(Problem to solve) The exact lines from the start of the material below through the line holding "Empty upscale restaurant" are the answer; return those, pictures excluded.

(Listed entries)
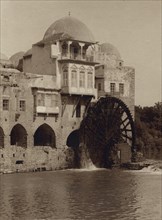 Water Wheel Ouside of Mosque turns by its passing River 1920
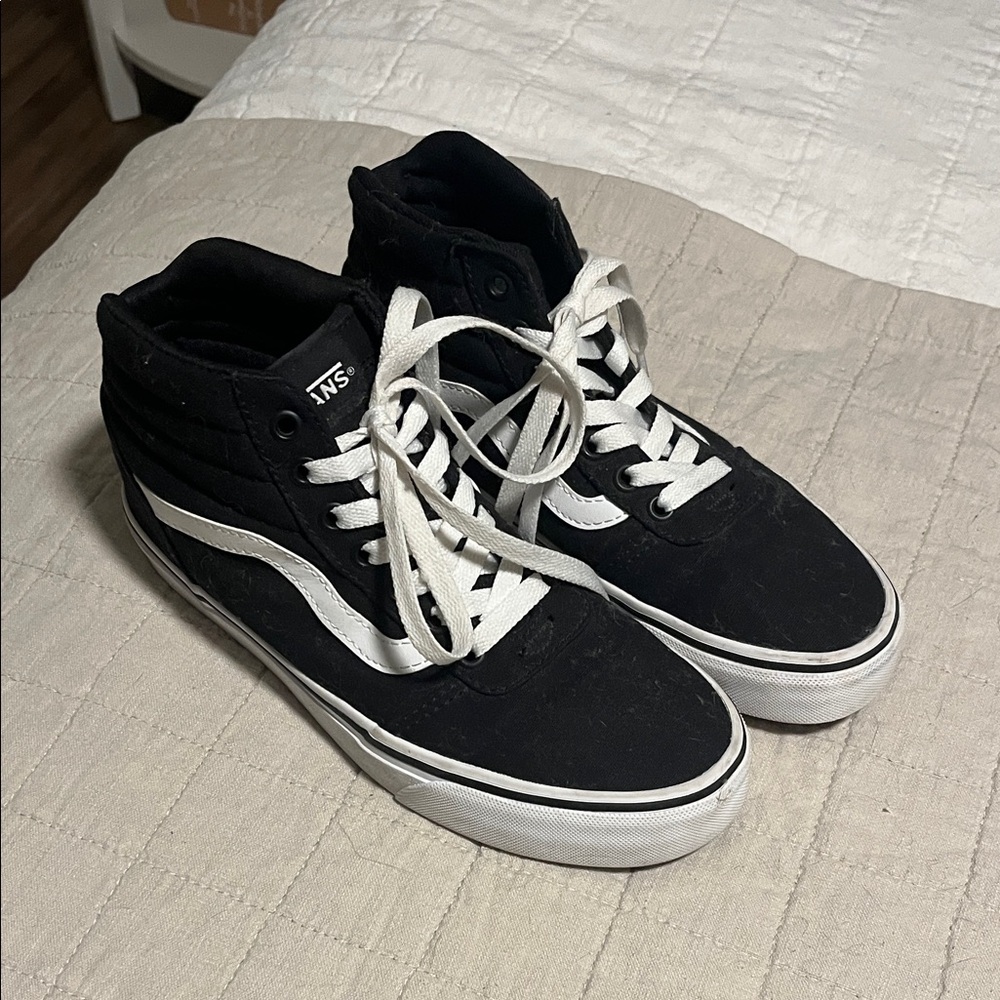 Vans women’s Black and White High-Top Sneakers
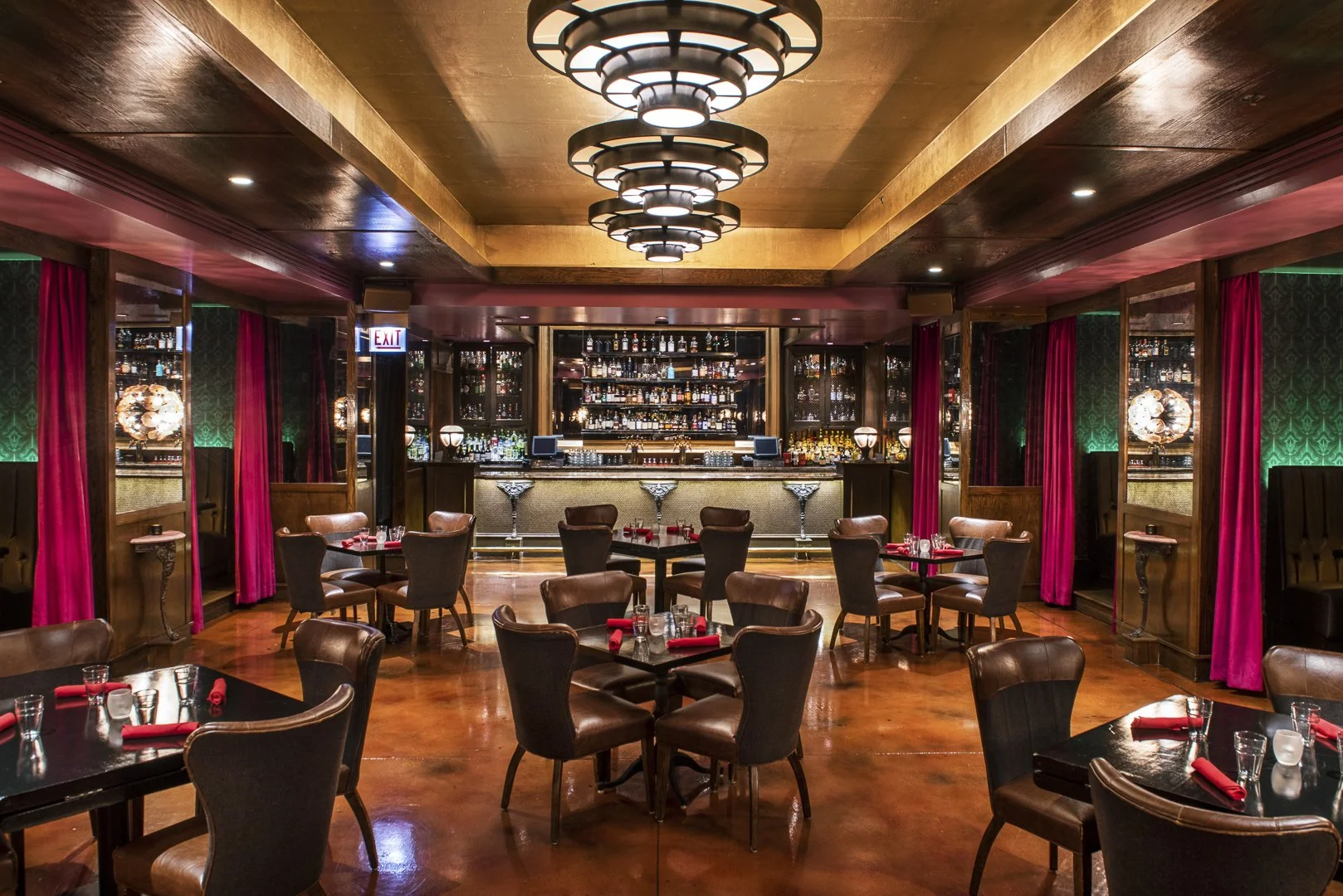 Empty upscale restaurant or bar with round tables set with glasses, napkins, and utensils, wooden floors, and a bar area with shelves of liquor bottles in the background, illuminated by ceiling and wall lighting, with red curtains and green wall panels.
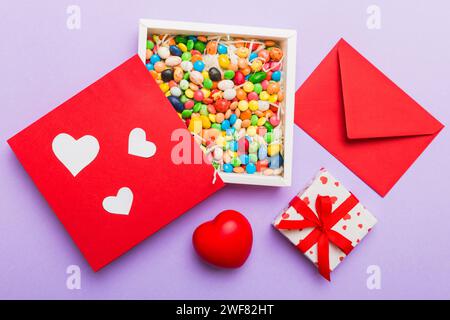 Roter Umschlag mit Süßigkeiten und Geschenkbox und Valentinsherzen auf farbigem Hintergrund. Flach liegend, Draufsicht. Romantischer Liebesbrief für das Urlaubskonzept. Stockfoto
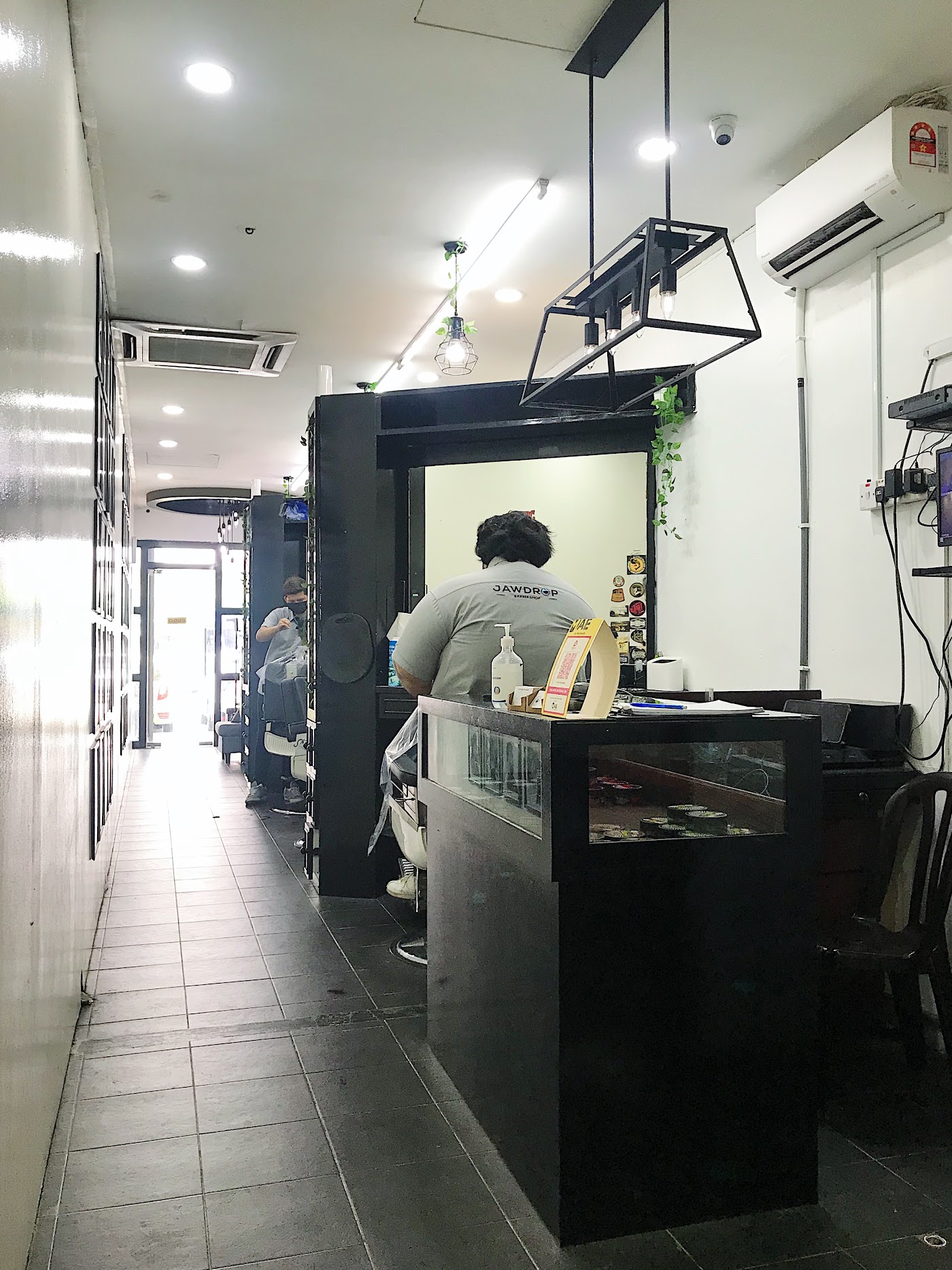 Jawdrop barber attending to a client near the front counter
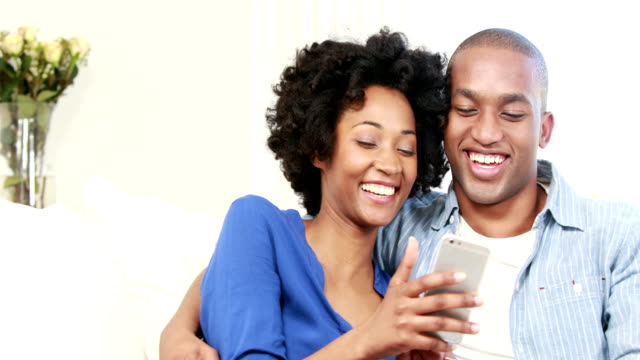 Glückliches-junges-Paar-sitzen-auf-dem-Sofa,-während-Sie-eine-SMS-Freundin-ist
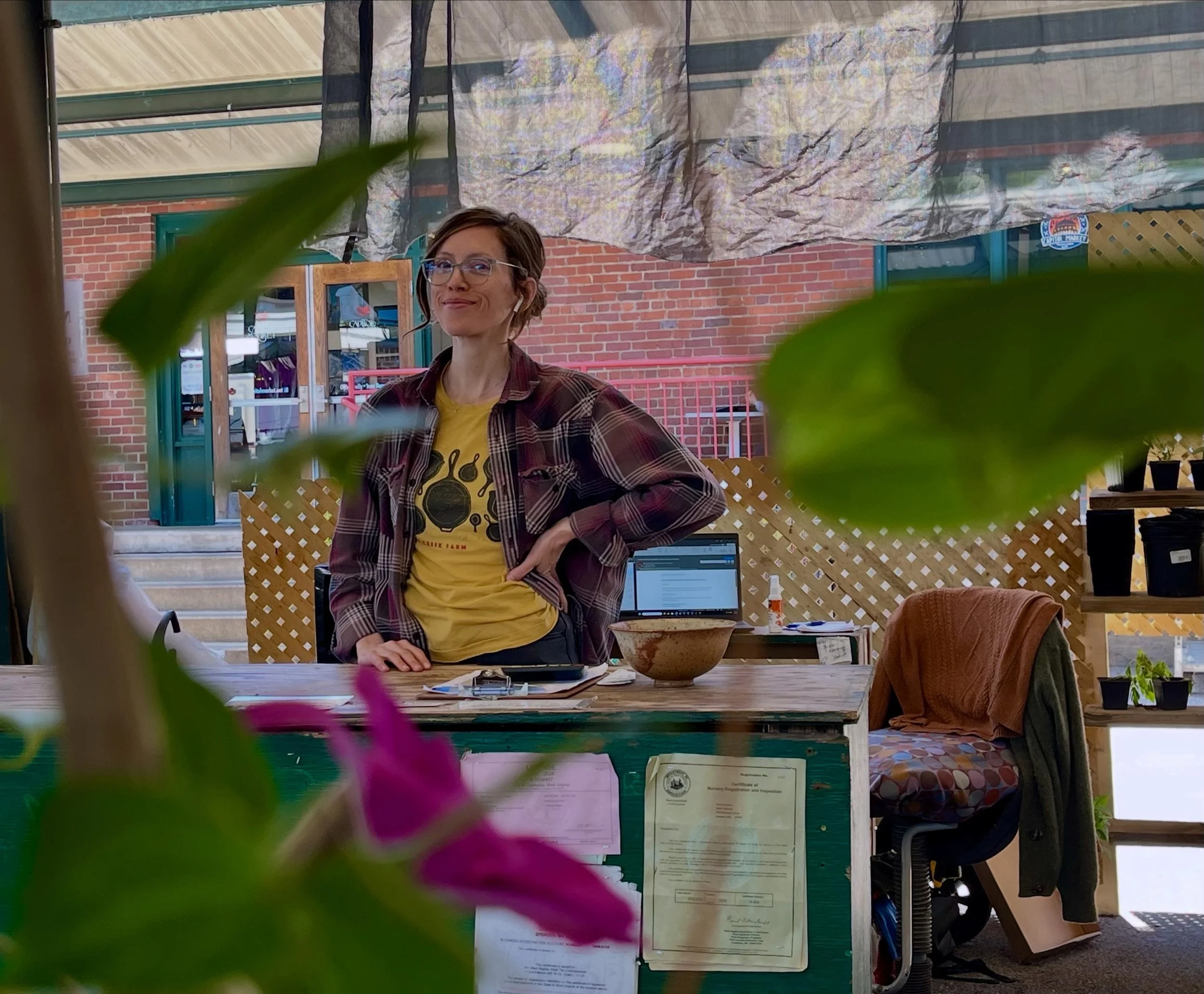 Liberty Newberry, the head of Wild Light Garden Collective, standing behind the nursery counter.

(Answer to this task)
 Water Wheel Ouside of Mosque turns by its passing River 1920
 Vans women’s Black and White High-Top Sneakers
 Empty upscale restaurant or bar with round tables set with glasses, napkins, and utensils, wooden floors, and a bar area with shelves of liquor bottles in the background, illuminated by ceiling and wall lighting, with red curtains and green wall panels.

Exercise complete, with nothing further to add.